To reduce implementation complexity and redundant code, a template based system is used to implement plugins. This makes the plugin mechanism slightly harder to understand, but extremely easy to use (we'll see why later).

Given this background in how pieces are put together, we'll talk about the actual data flow patterns in the MagicStats system.

MagicStats Data Flow:

This image to the right (click on it for a larger version) roughly shows how data flows through the MagicStats system. The input, of course, is one or more log files of various types. These files may reside over the network (reachable via FTP or HTTP), or could be local files (as shown). These files are processed through one or more FileStreamPlugins that convert the file in one or more ways.

In the example shown, all three logs are read from the disk by the FSNormal plugin. In the case of Log #1, this stream is then uncompressed by the FSGZipped file stream plugin (which is a wrapper around the wonderful zlib library).

After the files are suitably loaded/downloaded/decompressed/unencrypted/etc, they are passed to an AccessFormatPlugin that decodes the actual lines of the log file. The three (hypothetical) examples shown decode the standard CLF web server log format (CommonLogFormat plugin), merge split log files, and parse an FTP transfer log. Note that the data from these log files is canonicalized into an internal format, which is represented as the AccessFormatPlugin.

At the next stage, the AccessLogManager selects AccessFormatPlugins based on the one with the earliest date stamp on it (in other words it streams accesses out of the three pipelines in a date sorted order).

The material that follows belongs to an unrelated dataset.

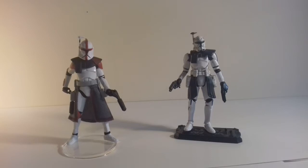Hello there. My name is James Arnold Taylor, and I do the voice of Obi-Wan Kenobi in The Clone Wars. You're watching Only One Kenobi.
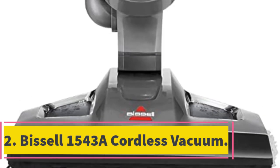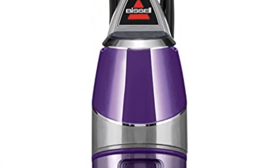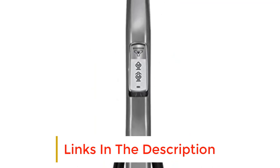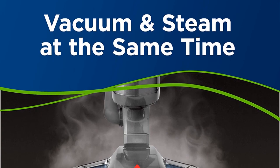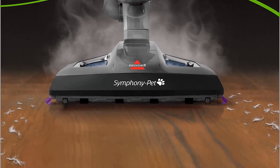Number 2: Bissell 1543A Cordless Vacuum. Looking for a cleaner that can wash your tiles as well as vacuuming them? The Bissell 1543A allows you to steam and vacuum your floors at the same time. This isn't one for carpets, but for tiles, linoleum, hardwood, or stone floors it effectively halves your cleaning time.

Each of the accesses that is streamed from the input pipeline is run through a user-defined sequence of AccessFilterPlugin's. These plugins perform acts such as converting escaped characters (UnescapeURL plugin) into the character they represent (such as %20 into a space character), add a domain name to the accesses in a log file (Domainify plugin), or perform arbitrary regex substitutions on accesses (Rewrite plugin).

After the accesses are in their final format, they are passed to each of the active PagePlugin's. These page plugins to a variety of analysis activities like count the number of hits per day (HourlyGraph plugin), find the most popular pages (PageCount plugin), or count what types of errors are occurring on the site (Errors plugin). The page plugins in use are determined by the themes that the user has configured.

When it becomes time to write HTML files out to disk so that the web server can serve them, the OutputManager gets the plugins to emit the HTML that represents their current state, and extracts HTML from the themes in use. The composite result is written to disk.

FileStream Plugins

At the time of this writing, there are currently two different FileStream plugins implemented (FSNormal and plugins). It would be nice to have facilities to fetch a log through FTP or off another web server, but that is currently not implemented. One chain of FileStream plugins is created for each element of the AccessLog entry in the users MagicStats.cfg file.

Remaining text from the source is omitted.